Putri Ngaku Dilecehkan Tapi Masih Mau Temui Brigadir J, Kenapa?
- VIVA/M Ali Wafa
Bandung – Saksi ahli psikologi forensik, Reni Kusumowardhani mengungkap hasil analisa psikologi forensik yang membuat Putri Candrawathi masih bertemu dengan Brigadir Nofriansyah Yosua Hutabarat atau Brigadir J meski mengaku telah dilecehkan.
Hal itu diungkap Reni saat dihadirkan sebagai saksi untuk terdakwa Ferdy Sambo, Putri Candrawathi, Bharada Richard Eliezer atau Bharada E, Ricky Rizal, dan Kuat Ma'ruf dalam sidang lanjutan kasus pembunuhan berencana Brigadir Nofriansyah Yosua Hutabarat di Pengadilan Negeri Jakarta Selatan, Rabu, 21 Desember 2022.
Mulanya, tim penasihat hukum Putri Candrawathi, Sarmauli Simangunsong bertanya ke Reni mengapa bisa korban menemui pelaku setelah peristiwa pelecehan seksual terjadi. Reni menyebut terdapat tiga fase yang dapat membuat korban menemui pelaku pelecehan seksual.
"Mengapa bisa seseorang yang menjadi korban kekerasan seksual kemudian dalam beberapa waktu menemui pelakunya?" tanya Sarmauli.

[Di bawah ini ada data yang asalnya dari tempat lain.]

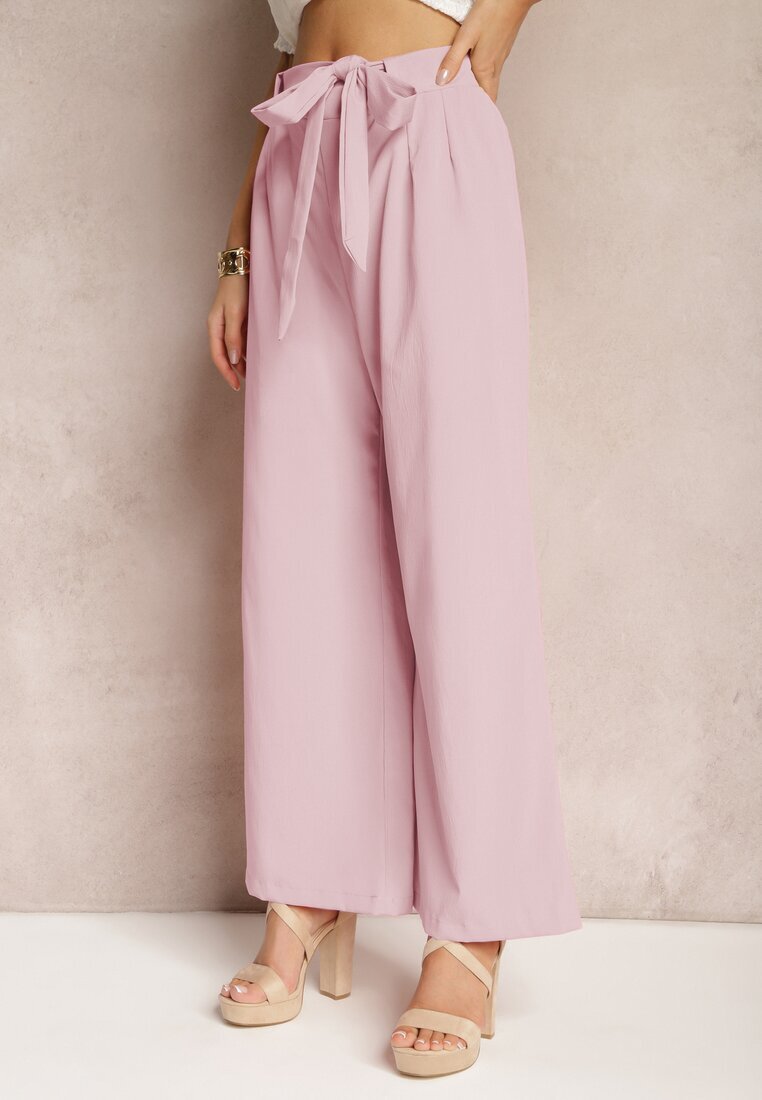 h&s Pantaloni largi roz închis cu curea din material tip Paper Bag Lasette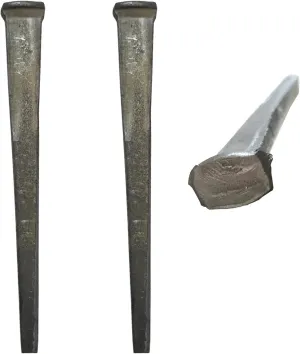 4”- CUT COMMON NAILS - Metallic Color - Antique rustic restoration accent nails for hanging, furniture, cabins, shutters & flooring – Decorative clavos nails – Distinct SQUARE HEAD Nail – 4 in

"Pada sindrom perempuan yang mengalami kekerasan seksual sampai pemerkosaan itu ada tiga fase, pertama ekspres jadi di sini mengekspresikan kemarahannya. Kedua, kontrol, kontrol di sini satu penekanan dan ini berkorelasi pada ciri-ciri kepribadian tertentu, jadi menekan rasa marahnya, rasa takutnya, menekan rasa malunya meskipun itu ada tapi dikontrol," kata Reni.

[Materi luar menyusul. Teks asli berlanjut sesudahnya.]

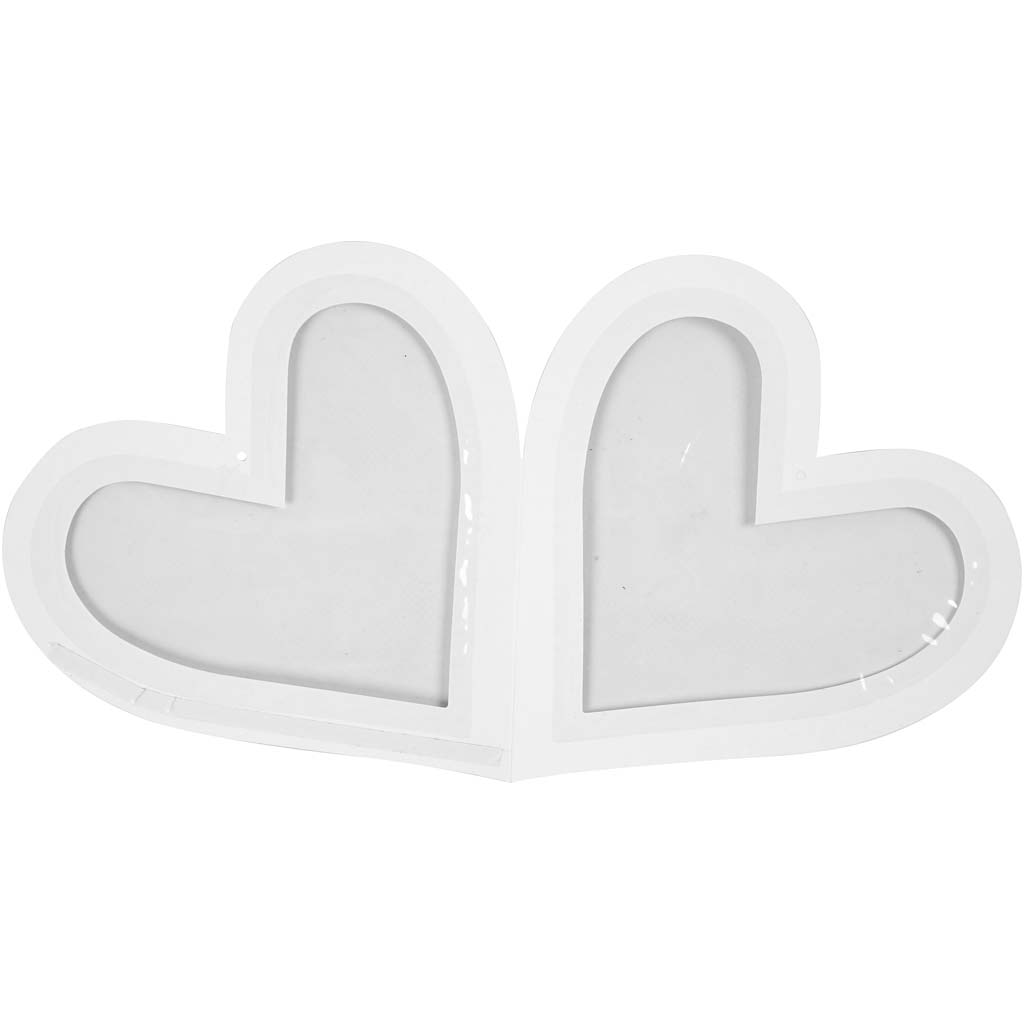Cornice a forma di cuore, misura 18x18 cm, 230 g, bianco, 16 pz/ 1 conf. [HOB-23465]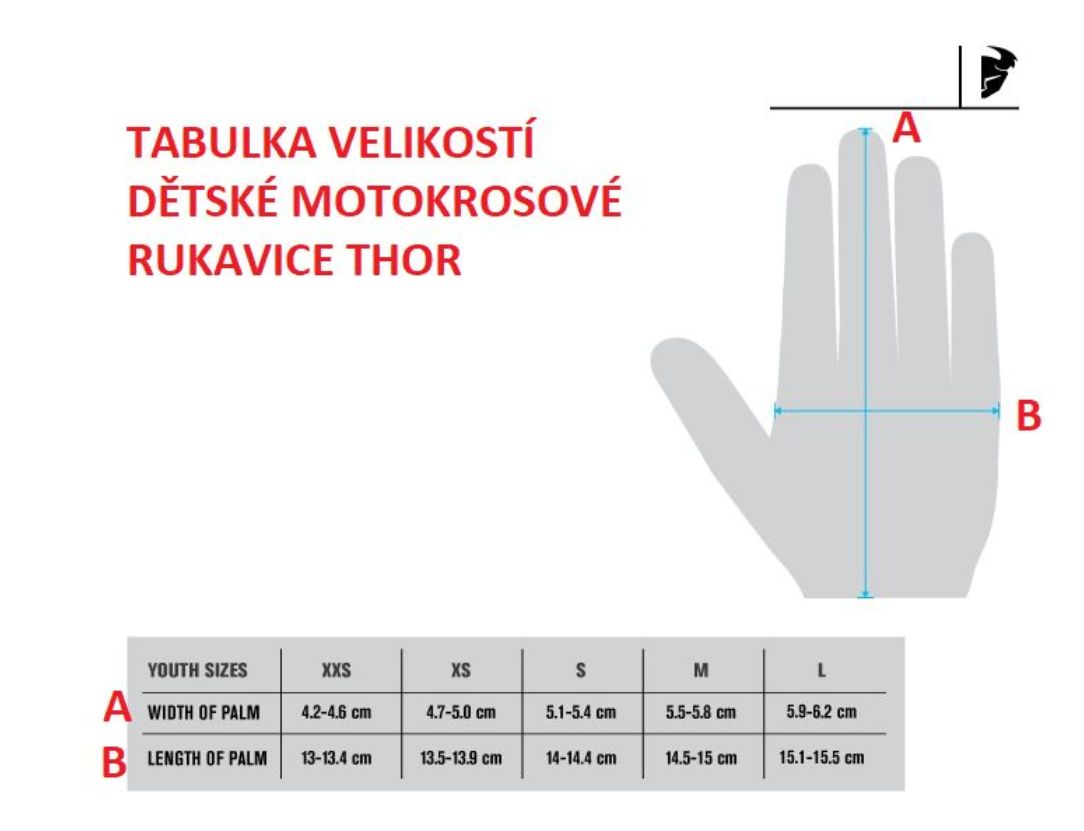 Tabulka velikostí dětských motokrosových rukavic Thor Tabulka velikostí dětských motokrosových rukavic Thor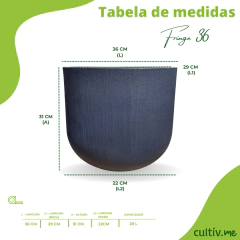 Vaso Fringe Cilíndrico 36 (20L) Cor Chumbo JAPI - comprar online
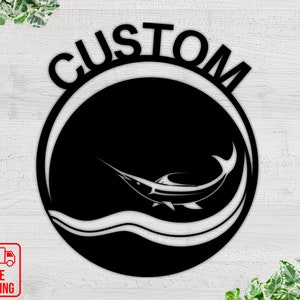 Personalize Marlin Sign, Marlin sign, Fish sign, Ocean sign, Wall sign, home decor,Marlin fishing, Sign, custom sign, Beach, Marlin,art,gift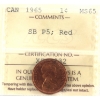 Image 1 : 1-cent 1965 SB P5 ICCS MS65 Red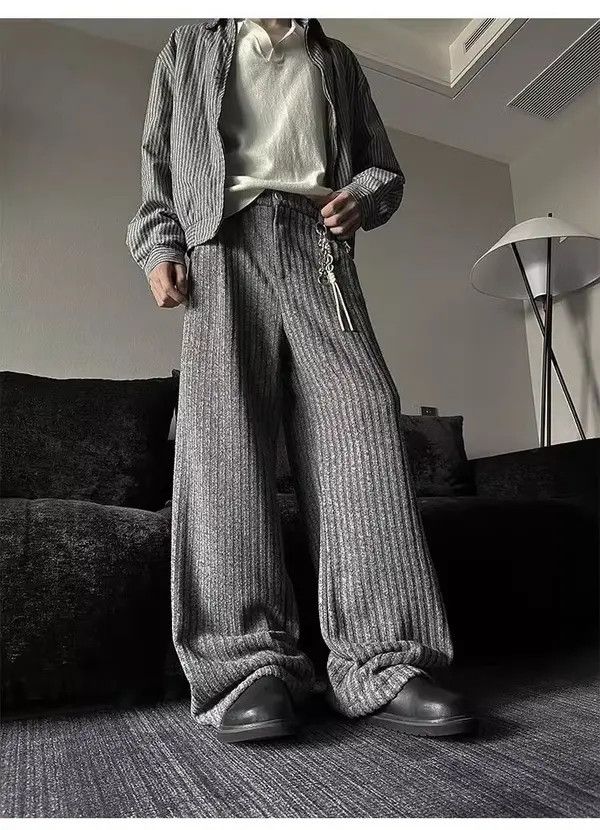 Japanese Brand Miyuki x Konno Corduroy Stripe Loose Wide Leg Flare Pants Size US 30 / EU 46 - 2 Thumbnail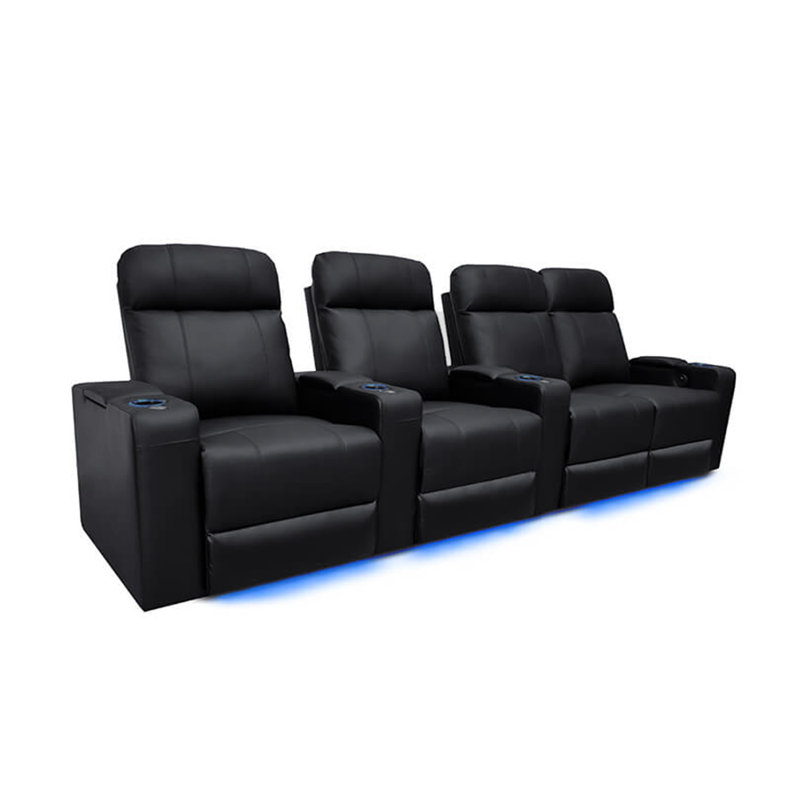 Sièges de cinéma configurables à del à démarrage manuel (rangée de 4), Cuir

"Yang ketiga, shock disbelief, menjadi sulit berkonsultasi dan sulit mengambil keputusan. Nah yang terjadi pada Ibu PC pada teori ini lebih sesuai dengan respons yang kontrol. Jadi, seolah tidak ada emosi apa-apa, seolah tidak terjadi apa-apa. Itu merupakan suatu bentuk defence mekanisme supaya tetap tegar," sambungnya.
"Dari sekian banyak korban yang pernah ahli temui, berapa persen yang melakukan defense seperti ini dibandingkan melapor ke kepolisian atau ke dokter dengan visum?" tanya Sarmauli.

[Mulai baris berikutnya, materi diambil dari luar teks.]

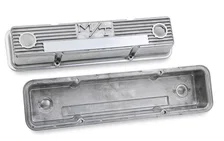 M/T Valve Covers - Vintage Style - Finned - SBC - Polished image 2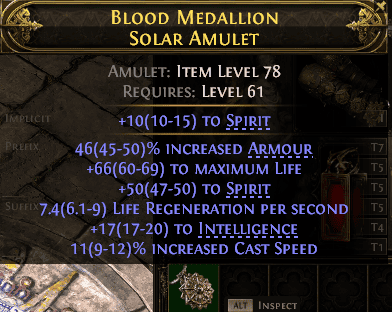Blood Medallion Solar Amulet#191848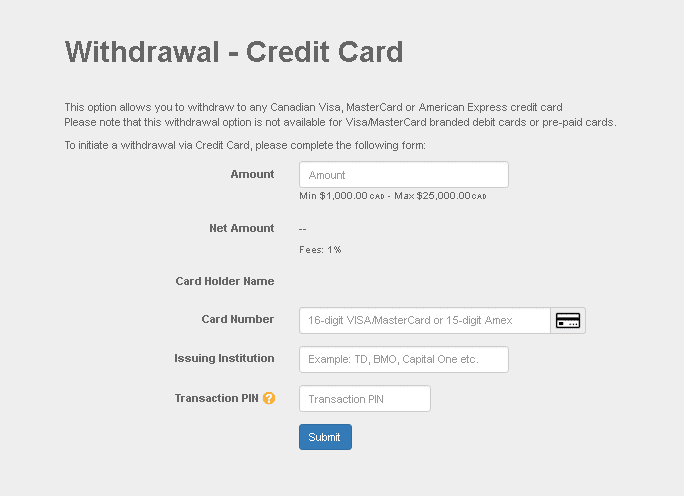 quadrigacx retrait carte de crédit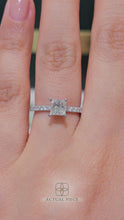Load and play video in Gallery viewer, Princess Diamond Engagement ring with  Pave Gold or Platinum band and petals by Lucce Manila Philippines
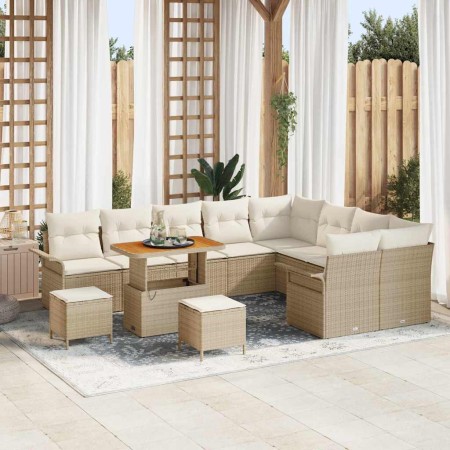 Conjunto de sofá de jardín 12 pcs Beige ratán sintético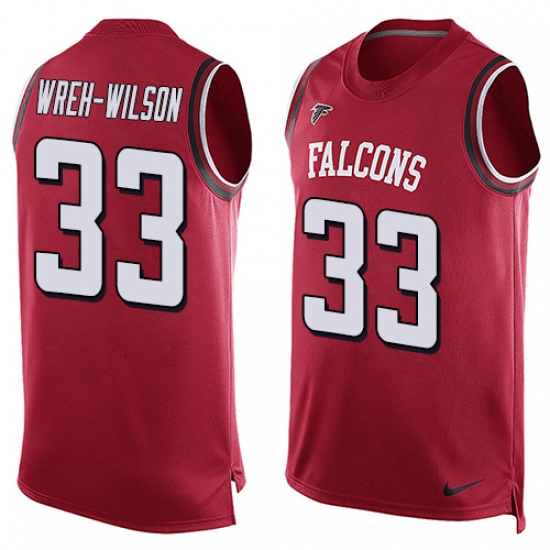 Men's Nike Atlanta Falcons #33 Blidi Wreh-Wilson Limited Red Player Name & Number Tank Top NFL Jersey - Ujersey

"Kalau dilihat dari Indonesia judicial research society tahun 2021 yang margin error 2 persen dari data populasinya. Itu menunjukkan bahwa kebanyakan akan menarik diri, takut, malu, merasa bersalah yang bisa menggunakan ketiga respons tersebut. Yang terbanyak adalah upaya untuk kemudian dia tidak melakukan pelaporan. Jadi menyelesaikan sendiri, mengendalikan sendiri situasi gemuruh psikologis yang ada di dirinya. Sedikit sekali yang merespons yang betul-betul mengekspresikan," ungkap Reni.
"Apa karena ini juga disebut karena Indonesia menganut culture of silence terhadap kekerasan seksual. Ahli bagaimana pendapatnya?" tanya Sarmauli.
"Bisa, karena selama ini terjadi reviktimisasi terhadap korban perkosaan, tidak dipercaya, dianggap turut serta, ini juga menjadi suatu stigma bagi korban yang membuat korban lalu bagaimana saya harus keluar dari situasi ini. Makanya terjadi suatu bentuk defence mekanisme untuk tetap kuat, pilihannya bisa kontrol. Nah kontrol ini bisa terjadi bila dia memiliki support sistem yang cukup di saat ajudan, ada orang yang cukup bisa diandalkan untuk memberikan pengamanan maka ada keputusan dari dirinya dengan menekan rasa malu, takut, marahnya tadi," tutur Reni.